**Problem description**
The result should be the lines from the one that contains "Patch Cord SC-ST" to the final line of the entries below, copied exactly and with no pictures.

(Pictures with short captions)
↓

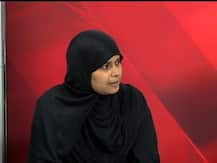 তিন তালাক: \'হুমকি\' দিচ্ছে শ্বশুরবাড়ির লোকজন, নিরাপত্তা চেয়ে মুখ্যমন্ত্রীর দ্বারস্থ ইশরত জহান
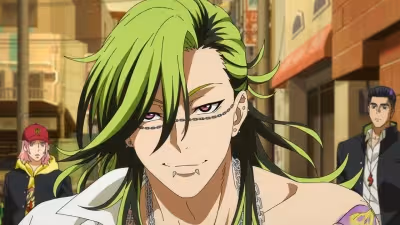 Bucchigiri?! – Episode 10: Fallen Friend! This Love, This Pain, This Almond Tofu!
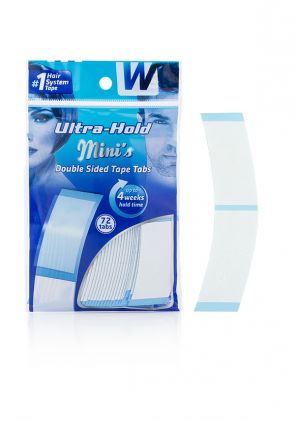 Ultra Hold Tape - Mini Double Sided Tape Tabs
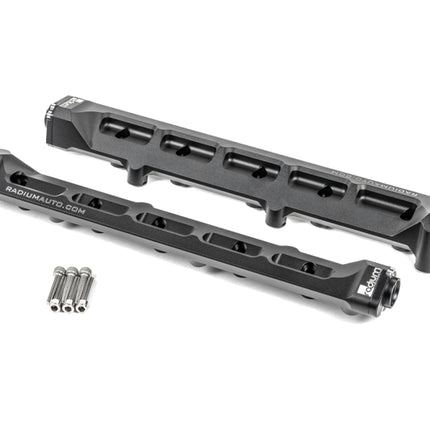 Radium Engineering Fuel Rails VW/Audi/Bentley 6.0L W12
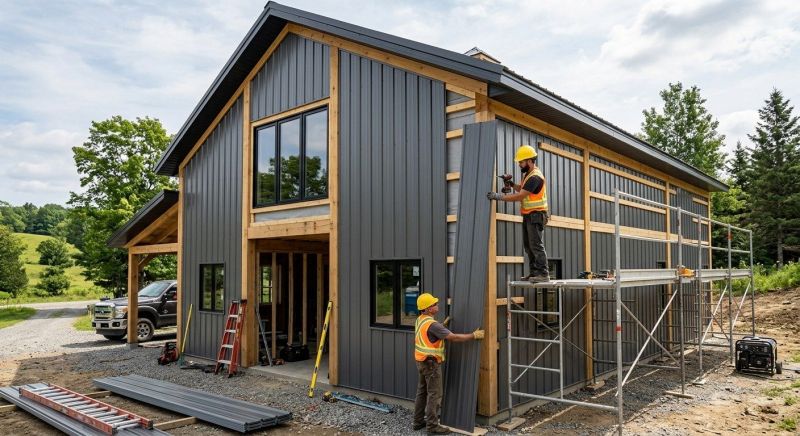 Top Siding Installation Companies in Fort Thomas, KY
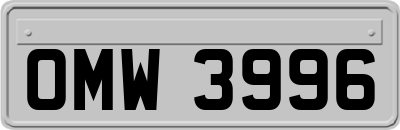 OMW3996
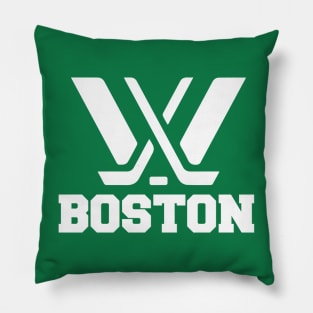 Boston PWHL Pillow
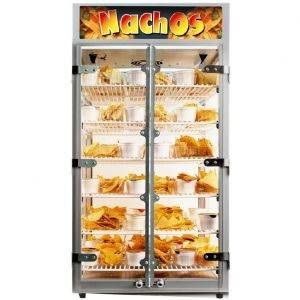 Витрина тепловая настольная ROBOLABS VTN-490-2
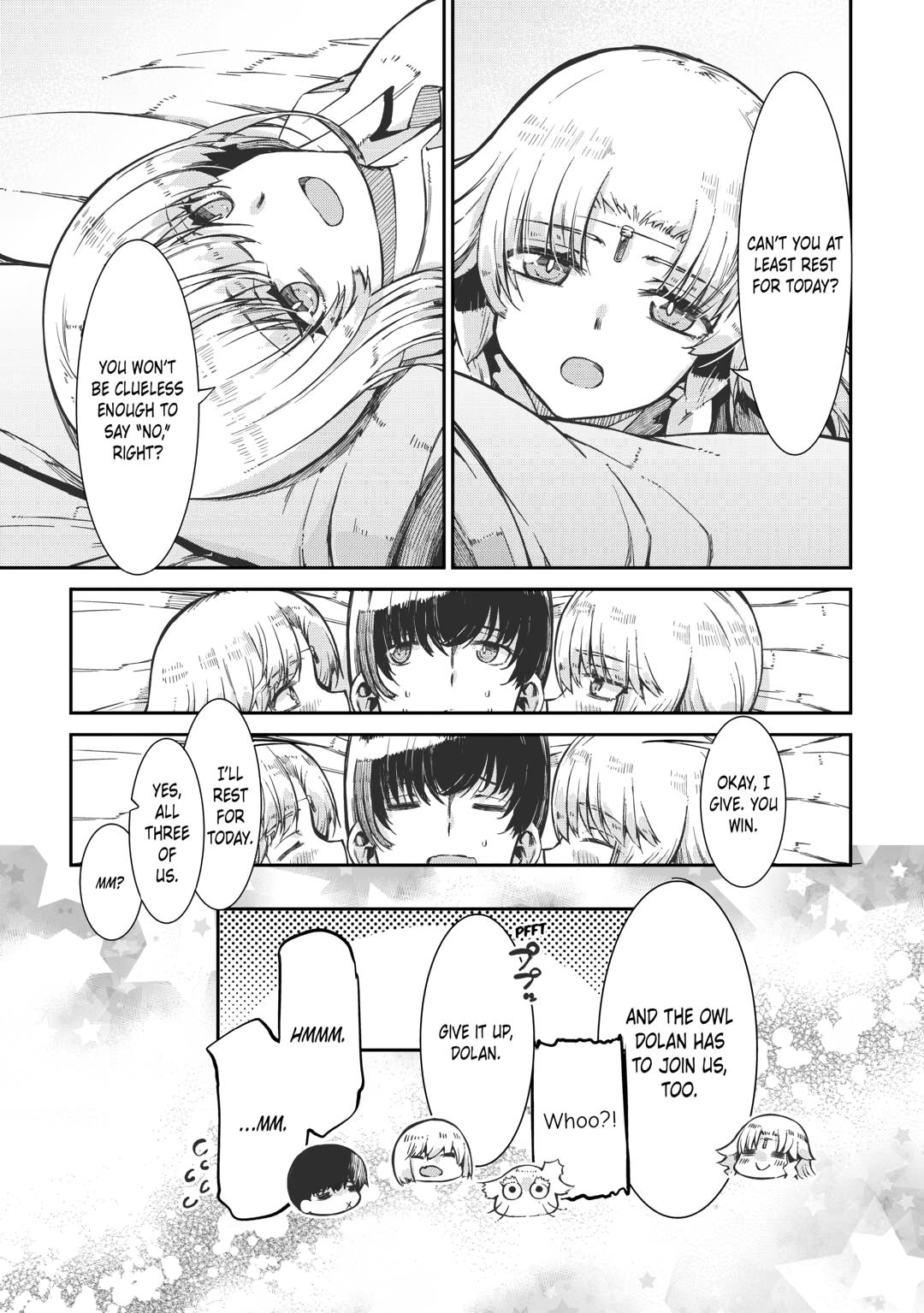 Goodbye, Dragon Life Chapter 95 page 13 - 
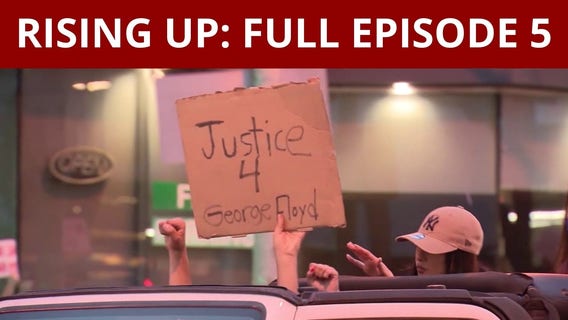 Rising Up: Episode 5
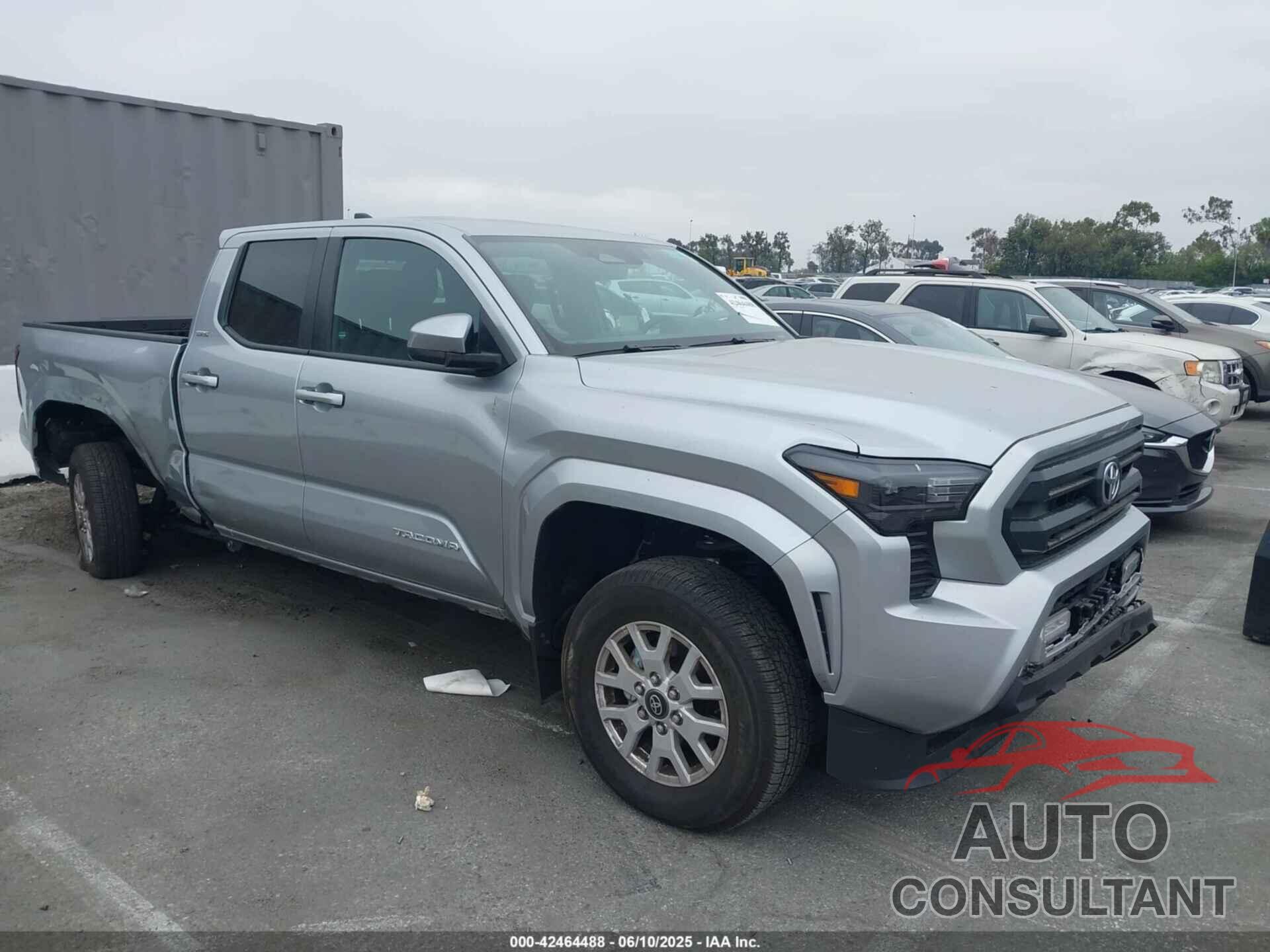 TOYOTA TACOMA 2024 - 3TMLB5JN2RM035566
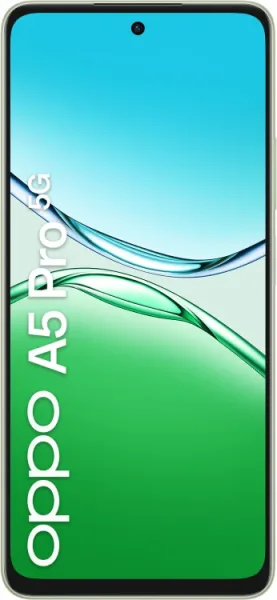 Smartphone Oppo A5 Pro 5G 8GB/256GB Black Brown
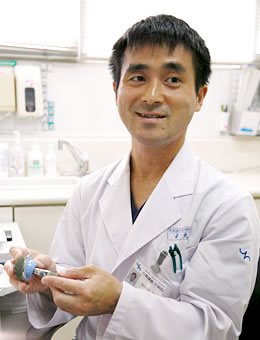 医療法人 徳洲会 六地蔵総合病院 市丸 宏三 先生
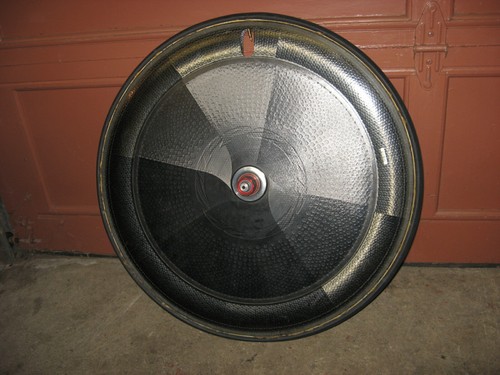Zipp carbon rear disc - rear, tubular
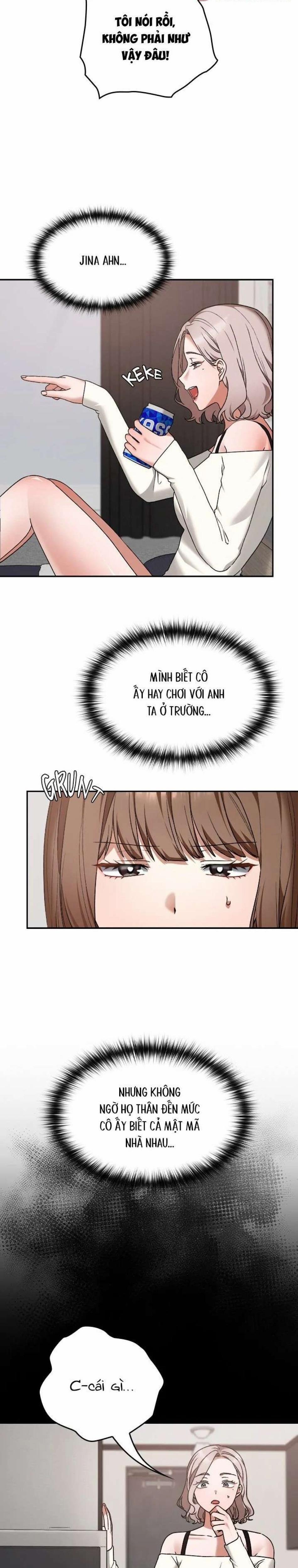 Đừng Nói Với Ai Ở Trường! 11 trang 2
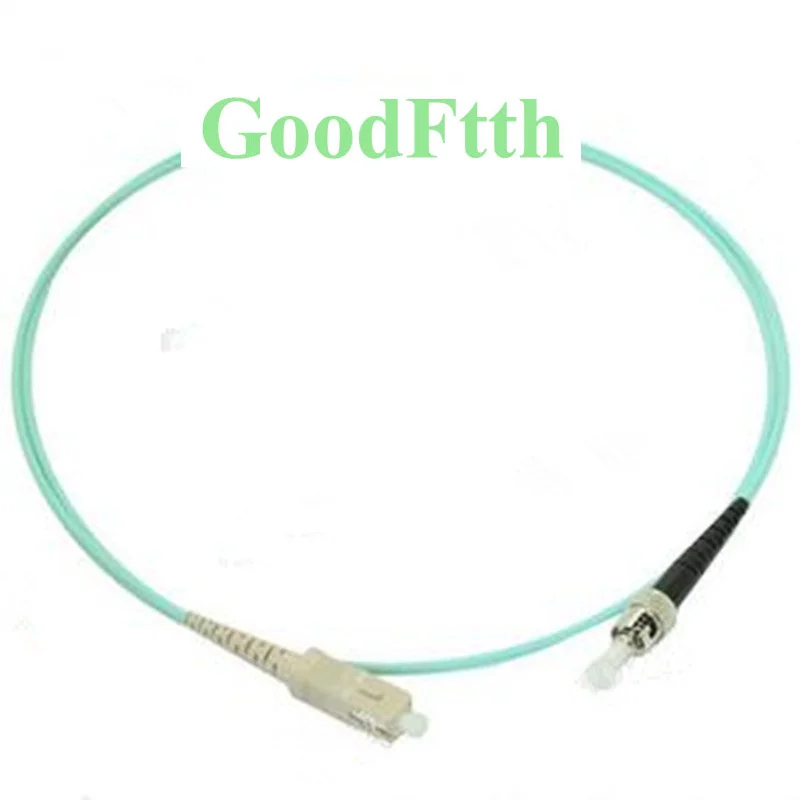 

Patch Cord SC-ST ST-SC OM3 Simplex GoodFtth 20m 25m 30m 35m 40m 50m 60m 70m 80m 100m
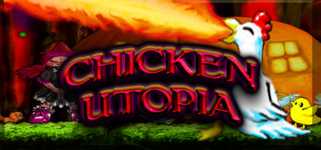 Chicken Utopia background image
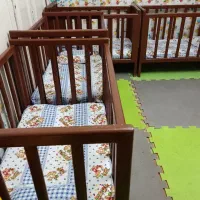 تخت نوزاد یا شیرخوار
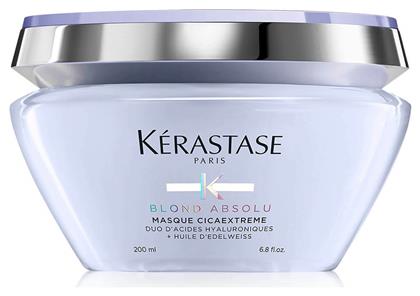 Kérastase Μάσκα Μαλλιών Blond Absolu Cicaextreme για Προστασία Χρώματος 200ml - Kerastase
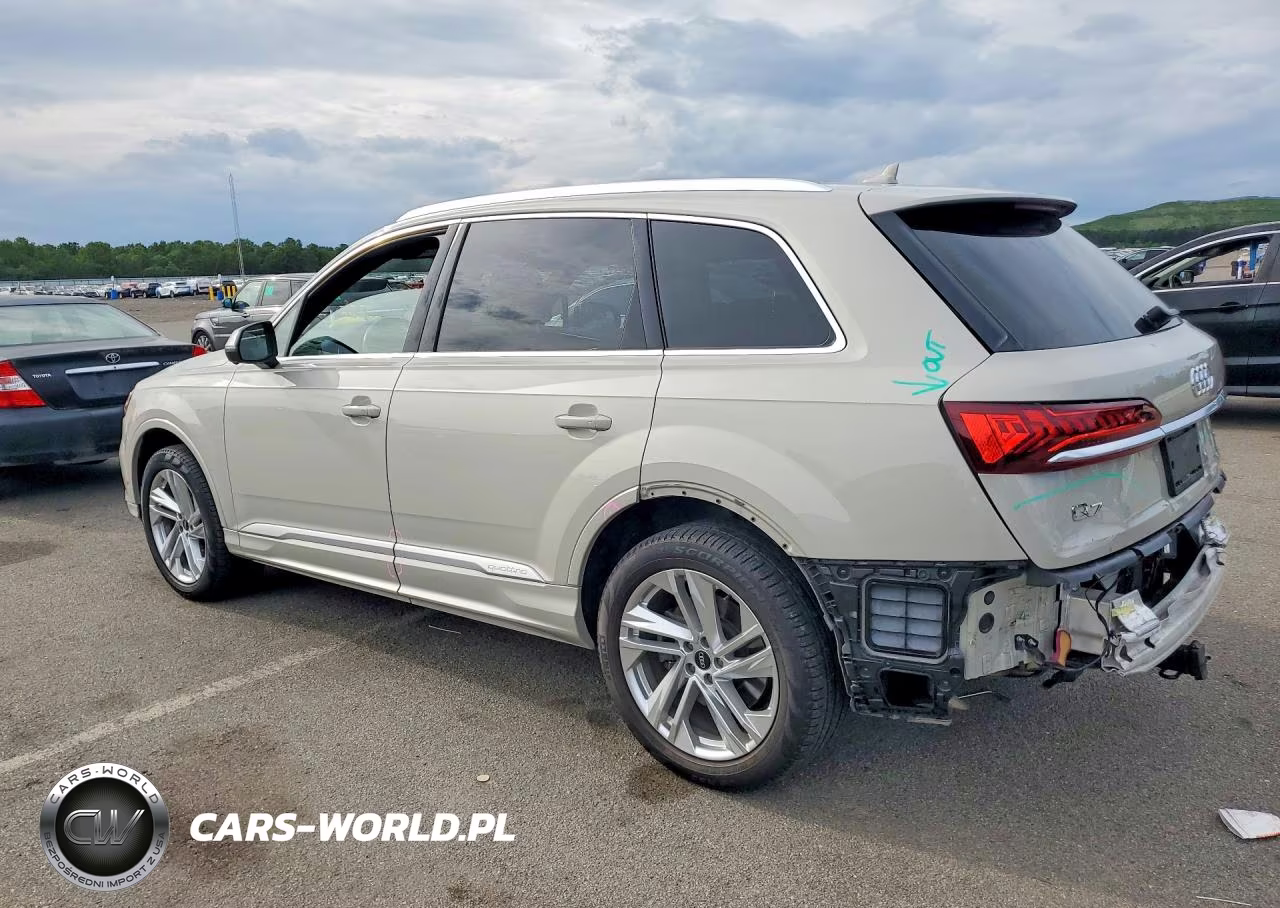 2021 Audi Q7 Premium Plus VIN:WA1LJAF78MD038959 - 2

↑

**Your response**
Patch Cord SC-ST ST-SC OM3 Simplex GoodFtth 20m 25m 30m 35m 40m 50m 60m 70m 80m 100m
 Chicken Utopia background image
 تخت نوزاد یا شیرخوار
 Kérastase Μάσκα Μαλλιών Blond Absolu Cicaextreme για Προστασία Χρώματος 200ml - Kerastase
 2021 Audi Q7 Premium Plus VIN:WA1LJAF78MD038959 - 2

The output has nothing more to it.